FROM helicopters that can’t fly to rifles that don’t fire, the Ministry of Defence has a long and ignoble history of mistakes when it comes to buying the right equipment for Britain’s Armed Forces.

Our soldiers were left dangerously exposed in Iraq and Afghanistan and our airforce has been forced to manage with fewer planes than it needs.

But of all three services it is the Senior Service – with its need for expensive ships and submarines – that has suffered the most. The Royal Navy is facing its deadliest threat: trapped by a remorseless pincer movement of budget reductions and cost overruns.

A review by Sir John Parker has found what some many of us already knew: that procurement of new vessels moves at a snail’s pace and the surface fleet has been whittled down to the barest minimum.

As a result, when the Navy’s new aircraft carrier enters service in 2020 she will do so without any fighter aircraft and barely enough escort vessels to accompany her around the world. And an embarrassing design fault means the Navy’s key Type 45 destroyers are prone to breaking down.

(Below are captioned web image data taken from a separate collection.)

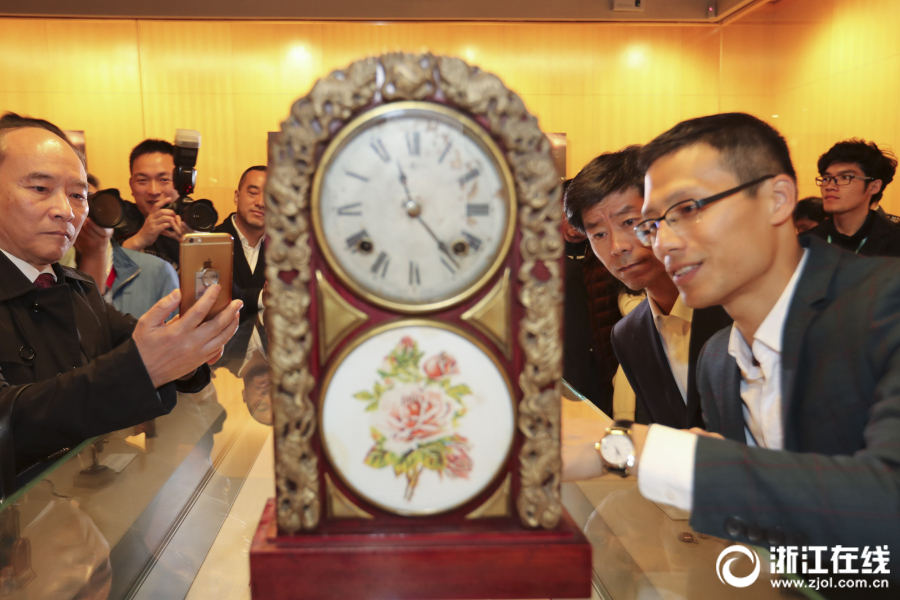 溫州：百件鐘錶上的“時光印記”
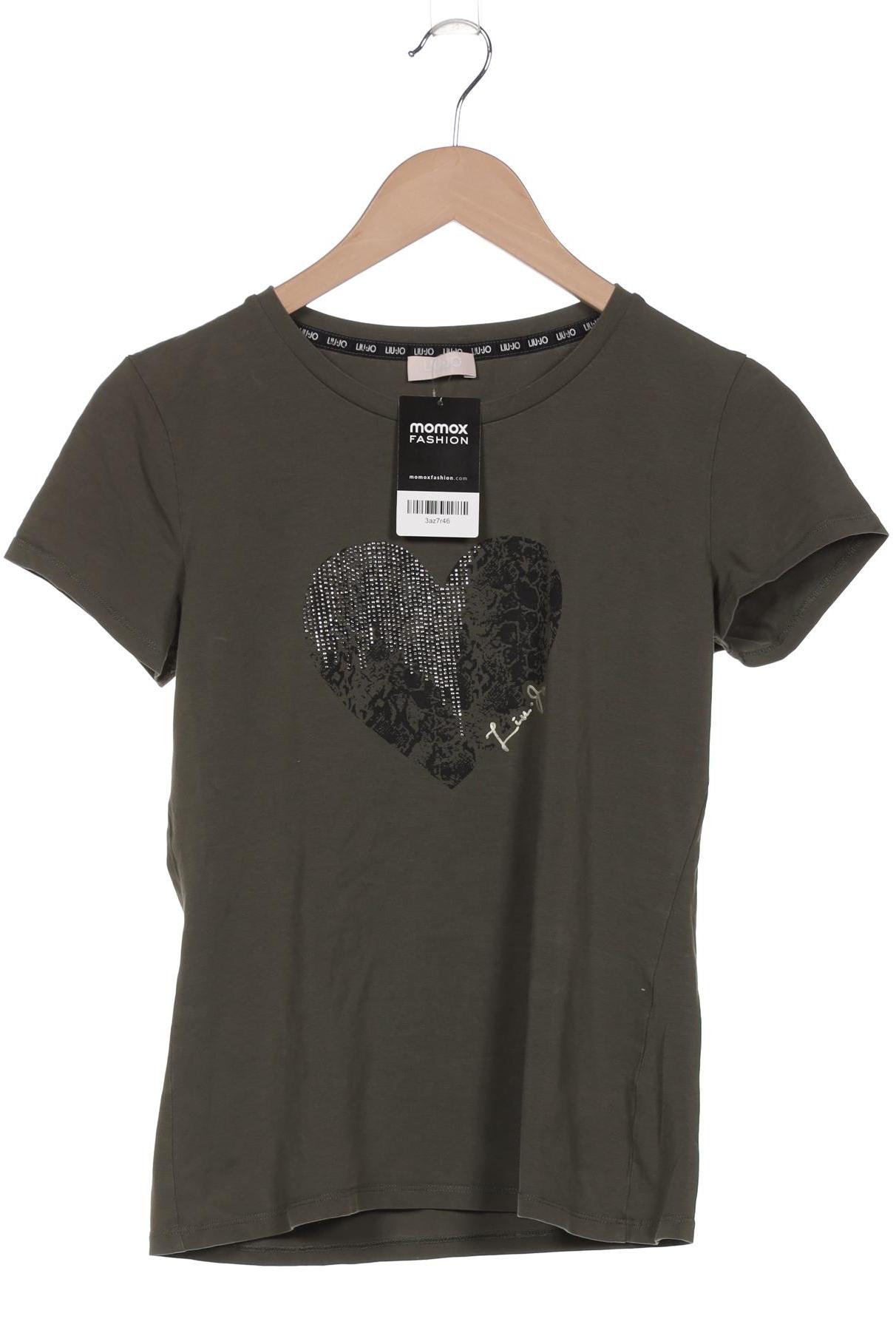 

LIU JO Damen T-Shirt, grün, Gr. 38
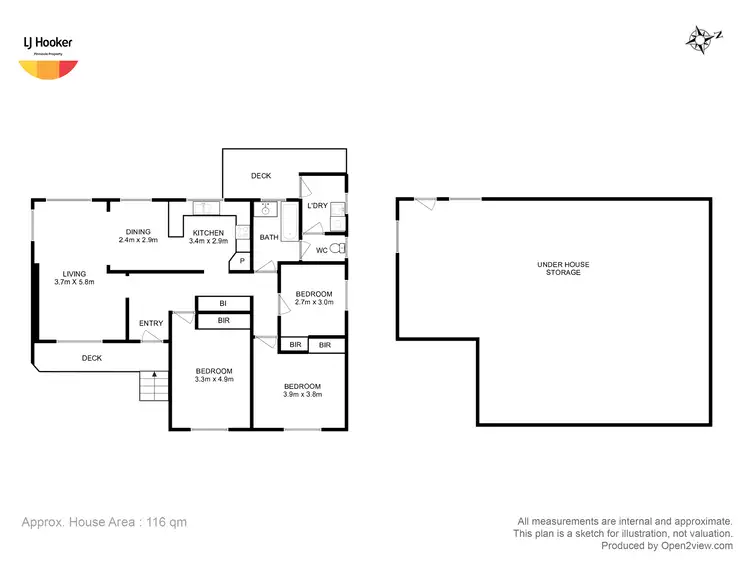 Floorplan of Homely house listing, 56 Wentworth Street, Bellerive TAS 7018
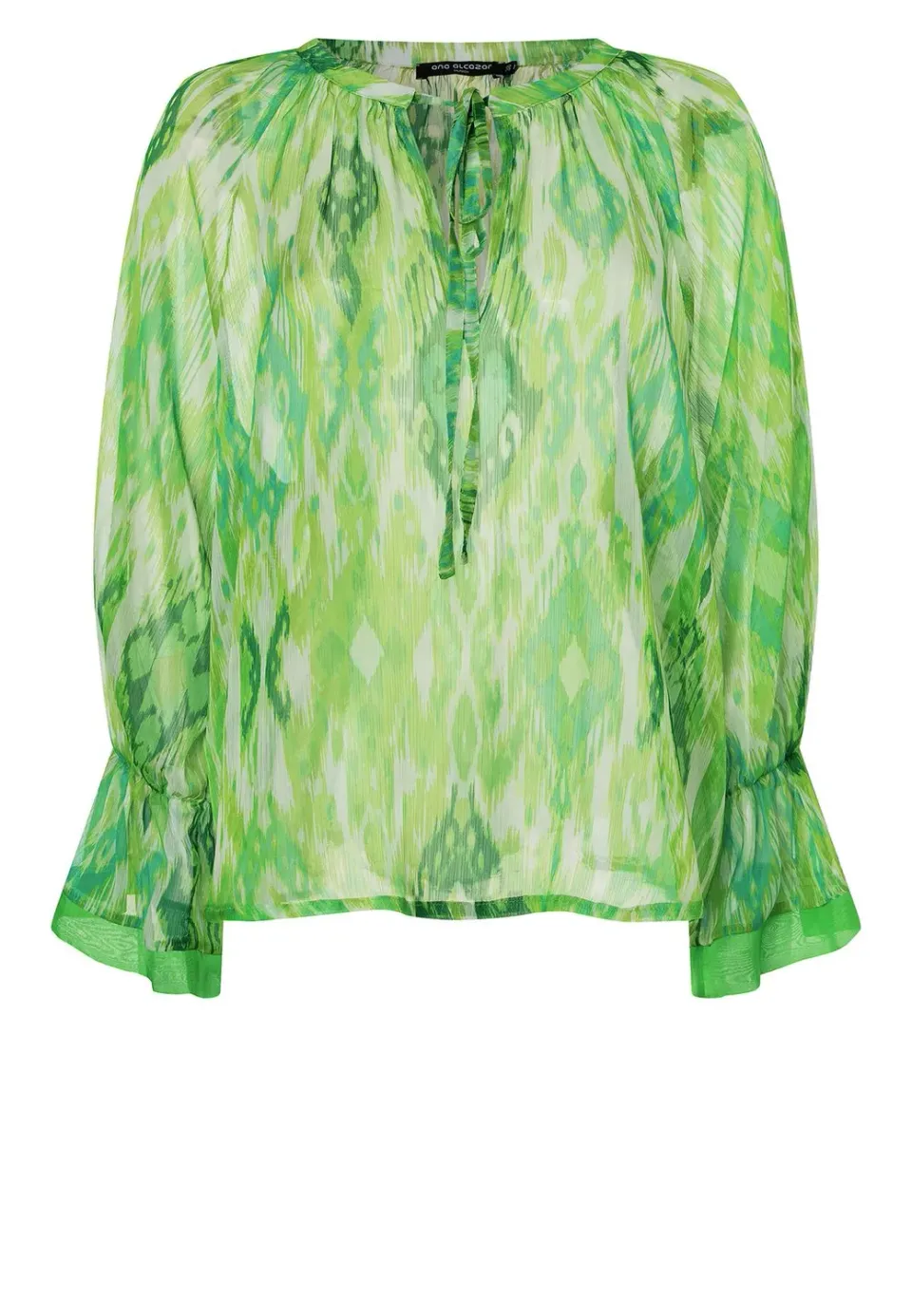 Ana Alcazar Lilori blusa chiffon verde fantasia
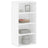 Side Cabinet Odda 40X24X79 Cm Solid Wood Pine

Only yesterday, HMS Duncan had to be towed back to port just two days into an important Nato exercise.

Critics say the Royal Navy is a costly anachronism Britain could well do without but they reckon without the fleet’s capacity to project power. Our warships also play a vital role providing humanitarian assistance and are committed to operations in the Mediterranean.

The world is becoming a very dangerous place and Britain, as an island trading nation, needs a strong Navy capable of defending UK interests anywhere in the world.

To do that, the Navy Board needs certainty in the size of the fleet. If that means a renaissance in regional shipbuilding, including on the Tyne, then so much the better.